Stock price movement prediction based on Stocktwits investor sentiment using FinBERT and ensemble SVM

PeerJ Comput Sci. 2023 Jun 7:9:e1403. doi: 10.7717/peerj-cs.1403. eCollection 2023.

Abstract

Investor sentiment plays a crucial role in the stock market, and in recent years, numerous studies have aimed to predict future stock prices by analyzing market sentiment obtained from social media or news. This study investigates the use of investor sentiment from social media, with a focus on Stocktwits, a social media platform for investors. However, using investor sentiment on Stocktwits to predict stock price movements may be challenging due to a lack of user-initiated sentiment data and the limitations of existing sentiment analyzers, which may inaccurately classify neutral comments. To overcome these challenges, this study proposes an alternative approach using FinBERT, a pre-trained language model specifically designed to analyze the sentiment of financial text. This study proposes an ensemble support vector machine for improving the accuracy of stock price movement predictions. Then, it predicts the future movement of SPDR S&P 500 Index Exchange Traded Funds using the rolling window approach to prevent look-ahead bias. Through comparing various techniques for generating sentiment, our results show that using the FinBERT model for sentiment analysis yields the best results, with an F1-score that is 4-5% higher than other techniques. Additionally, the proposed ensemble support vector machine improves the accuracy of stock price movement predictions when compared to the original support vector machine in a series of experiments.

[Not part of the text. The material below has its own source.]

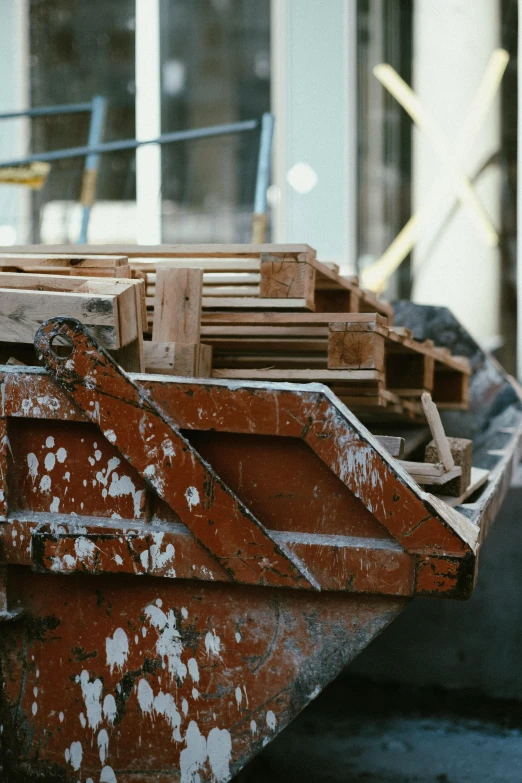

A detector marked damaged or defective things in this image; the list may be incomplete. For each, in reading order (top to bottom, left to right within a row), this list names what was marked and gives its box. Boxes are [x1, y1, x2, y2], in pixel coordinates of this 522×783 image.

peeling white paint [105, 632, 129, 672]
rusty metal skip [0, 314, 516, 783]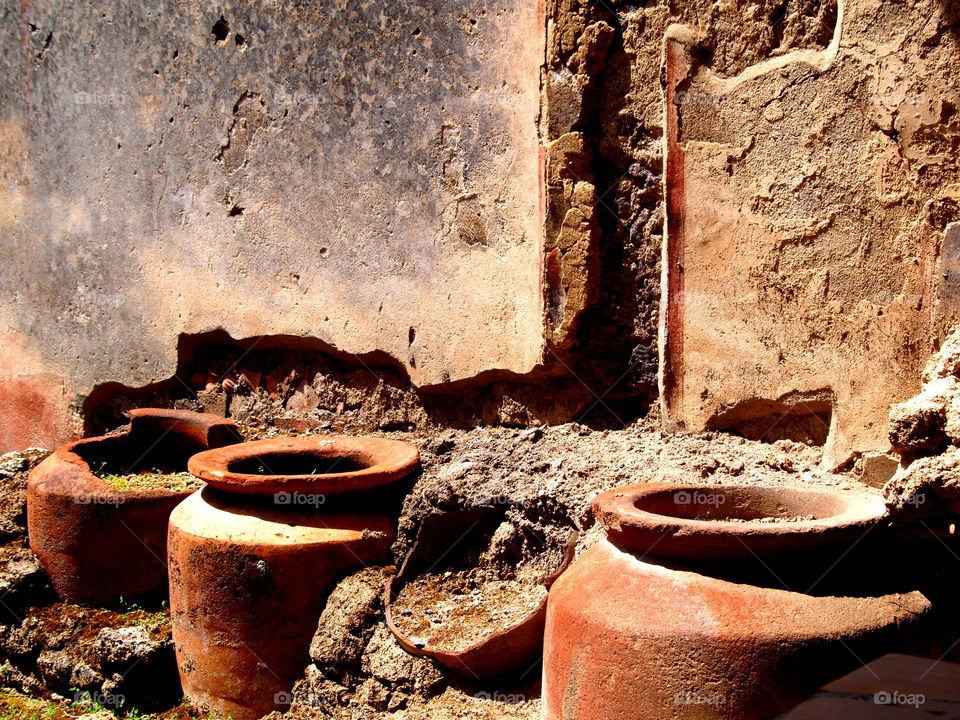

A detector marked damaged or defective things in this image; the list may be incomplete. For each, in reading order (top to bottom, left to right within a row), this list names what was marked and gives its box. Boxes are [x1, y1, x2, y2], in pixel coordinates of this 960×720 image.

Keywords: FinBERT; Financial; Machine learning; SPY; SVM; Sentiment analysis; Stock price prediction; Stocktwits.

Associated data

  • figshare/10.6084/m9.figshare.20237736.v1

Grants and funding

This work was supported by the Kyushu Institute of Technology—National Taiwan University of Science and Technology Joint Research Program, under Grant Kyutech-NTUST-109-03. The funders had no role in study design, data collection and analysis, decision to publish, or preparation of the manuscript.